After doing his Ph.D. research by scattering the world's highest energy photon beam, he moved to working on DZero, which was one of the two big experiments at the Fermilab Tevatron. It was there that he and his colleagues discovered the top quark, the heaviest subatomic particle discovered so far.
Details of his research career can be found here.
Lincoln is now a senior scientist at Fermilab. In 2008, he joined the Compact Muon Solenoid (CMS) experiment, one of two large experiments using the Large Hadron Collider (LHC) at the CERN laboratory in Switzerland. The CMS collaboration involves 3,000 scientists from across the world. The detector is five stories high and weighs 14,000 tons. It is essentially a 100 megapixel camera, capable of taking 40 million photographs per second. The CMS collaboration co-discovered the Higgs boson, the final missing element of the Standard Model of particle physics.

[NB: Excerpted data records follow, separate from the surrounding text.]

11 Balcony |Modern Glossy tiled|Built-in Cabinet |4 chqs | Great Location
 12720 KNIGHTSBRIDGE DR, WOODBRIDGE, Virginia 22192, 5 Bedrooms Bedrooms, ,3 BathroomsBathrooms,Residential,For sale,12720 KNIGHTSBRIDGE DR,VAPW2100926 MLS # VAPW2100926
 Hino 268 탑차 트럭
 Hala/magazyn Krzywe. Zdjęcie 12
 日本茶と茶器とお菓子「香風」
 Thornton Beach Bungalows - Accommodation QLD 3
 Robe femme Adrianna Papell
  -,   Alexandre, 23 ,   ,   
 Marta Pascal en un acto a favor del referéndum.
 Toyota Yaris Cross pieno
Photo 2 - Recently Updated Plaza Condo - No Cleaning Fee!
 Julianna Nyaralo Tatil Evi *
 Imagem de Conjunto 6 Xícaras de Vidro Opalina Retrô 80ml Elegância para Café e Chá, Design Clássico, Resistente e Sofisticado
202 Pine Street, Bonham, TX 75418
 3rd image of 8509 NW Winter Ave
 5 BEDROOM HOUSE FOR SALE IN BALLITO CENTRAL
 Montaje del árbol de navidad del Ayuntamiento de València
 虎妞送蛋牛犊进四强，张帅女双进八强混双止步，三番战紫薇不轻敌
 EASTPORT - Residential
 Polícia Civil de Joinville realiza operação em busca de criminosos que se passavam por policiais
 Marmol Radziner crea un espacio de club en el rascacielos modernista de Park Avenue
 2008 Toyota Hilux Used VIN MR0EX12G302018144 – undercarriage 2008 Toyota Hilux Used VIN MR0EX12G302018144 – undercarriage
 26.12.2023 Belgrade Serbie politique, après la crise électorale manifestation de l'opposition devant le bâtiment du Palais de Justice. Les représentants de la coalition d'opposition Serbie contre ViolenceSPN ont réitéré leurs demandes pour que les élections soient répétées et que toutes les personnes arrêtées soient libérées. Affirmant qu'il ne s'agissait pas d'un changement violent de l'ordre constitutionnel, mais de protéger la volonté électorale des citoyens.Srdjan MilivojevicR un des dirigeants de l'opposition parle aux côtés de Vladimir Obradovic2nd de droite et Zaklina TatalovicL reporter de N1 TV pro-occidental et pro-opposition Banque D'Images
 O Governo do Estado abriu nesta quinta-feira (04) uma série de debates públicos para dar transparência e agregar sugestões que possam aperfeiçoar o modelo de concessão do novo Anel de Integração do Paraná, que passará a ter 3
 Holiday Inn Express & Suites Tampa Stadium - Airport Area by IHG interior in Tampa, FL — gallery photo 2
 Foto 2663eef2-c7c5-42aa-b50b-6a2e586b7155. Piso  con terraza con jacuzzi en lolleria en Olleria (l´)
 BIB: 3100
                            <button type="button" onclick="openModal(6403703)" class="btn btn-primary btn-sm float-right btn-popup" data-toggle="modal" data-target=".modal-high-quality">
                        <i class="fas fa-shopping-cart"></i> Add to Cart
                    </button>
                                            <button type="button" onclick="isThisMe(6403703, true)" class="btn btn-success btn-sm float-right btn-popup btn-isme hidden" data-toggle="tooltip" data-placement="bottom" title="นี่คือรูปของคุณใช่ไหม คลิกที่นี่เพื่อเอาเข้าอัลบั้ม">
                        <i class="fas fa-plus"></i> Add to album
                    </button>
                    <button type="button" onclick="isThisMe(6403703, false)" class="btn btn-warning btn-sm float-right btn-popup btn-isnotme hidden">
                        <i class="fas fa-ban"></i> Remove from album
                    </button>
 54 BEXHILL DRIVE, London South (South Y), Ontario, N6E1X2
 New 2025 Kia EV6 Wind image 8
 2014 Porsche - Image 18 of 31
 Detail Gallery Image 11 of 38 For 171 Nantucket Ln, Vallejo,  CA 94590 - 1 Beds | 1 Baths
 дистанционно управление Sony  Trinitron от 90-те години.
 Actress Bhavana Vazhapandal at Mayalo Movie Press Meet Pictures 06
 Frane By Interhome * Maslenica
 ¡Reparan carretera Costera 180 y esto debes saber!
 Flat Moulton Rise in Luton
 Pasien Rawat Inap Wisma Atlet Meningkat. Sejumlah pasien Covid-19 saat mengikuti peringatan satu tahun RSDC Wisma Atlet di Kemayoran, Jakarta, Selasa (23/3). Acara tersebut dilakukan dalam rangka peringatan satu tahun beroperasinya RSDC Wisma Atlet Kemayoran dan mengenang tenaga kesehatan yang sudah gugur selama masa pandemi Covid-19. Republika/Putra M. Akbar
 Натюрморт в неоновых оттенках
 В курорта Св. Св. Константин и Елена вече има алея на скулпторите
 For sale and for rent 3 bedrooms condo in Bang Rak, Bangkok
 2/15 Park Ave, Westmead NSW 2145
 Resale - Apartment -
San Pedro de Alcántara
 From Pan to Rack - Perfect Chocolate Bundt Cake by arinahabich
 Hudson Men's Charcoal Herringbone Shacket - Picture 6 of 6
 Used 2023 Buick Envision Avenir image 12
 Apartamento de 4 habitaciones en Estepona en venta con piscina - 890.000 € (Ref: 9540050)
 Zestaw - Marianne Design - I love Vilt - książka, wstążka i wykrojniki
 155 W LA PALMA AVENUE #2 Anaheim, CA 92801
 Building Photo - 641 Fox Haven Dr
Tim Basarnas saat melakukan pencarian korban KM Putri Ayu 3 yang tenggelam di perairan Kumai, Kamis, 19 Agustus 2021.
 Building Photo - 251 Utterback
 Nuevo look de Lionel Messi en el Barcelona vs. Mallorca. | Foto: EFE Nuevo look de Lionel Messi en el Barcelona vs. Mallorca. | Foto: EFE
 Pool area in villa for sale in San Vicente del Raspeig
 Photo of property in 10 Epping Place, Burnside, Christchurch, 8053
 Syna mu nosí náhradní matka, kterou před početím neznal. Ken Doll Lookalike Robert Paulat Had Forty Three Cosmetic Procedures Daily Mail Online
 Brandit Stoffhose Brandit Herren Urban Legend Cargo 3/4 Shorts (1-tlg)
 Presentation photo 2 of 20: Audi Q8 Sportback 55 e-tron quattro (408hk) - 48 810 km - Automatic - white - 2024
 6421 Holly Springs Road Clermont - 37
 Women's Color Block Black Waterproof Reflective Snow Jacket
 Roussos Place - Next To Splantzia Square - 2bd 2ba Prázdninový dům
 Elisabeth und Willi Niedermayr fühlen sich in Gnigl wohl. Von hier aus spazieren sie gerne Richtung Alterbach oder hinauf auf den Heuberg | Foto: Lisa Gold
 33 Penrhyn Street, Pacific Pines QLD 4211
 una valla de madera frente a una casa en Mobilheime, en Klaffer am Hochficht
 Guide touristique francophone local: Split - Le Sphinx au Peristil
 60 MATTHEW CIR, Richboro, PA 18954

Lincoln has co-authored over 1,600 scientific papers on a broad variety of topics, including supersymmetry, extra dimensions, searches for dark matter made in the laboratory, and a series of measurements that constantly test and probe known new phenomena for unexpected surprises. His expertise is the study of Quantum Chromodynamics and searches for new physics. His recent physics interest is the search for particles that are smaller than the quarks and leptons that are are the smallest and most fundamental particles currently known.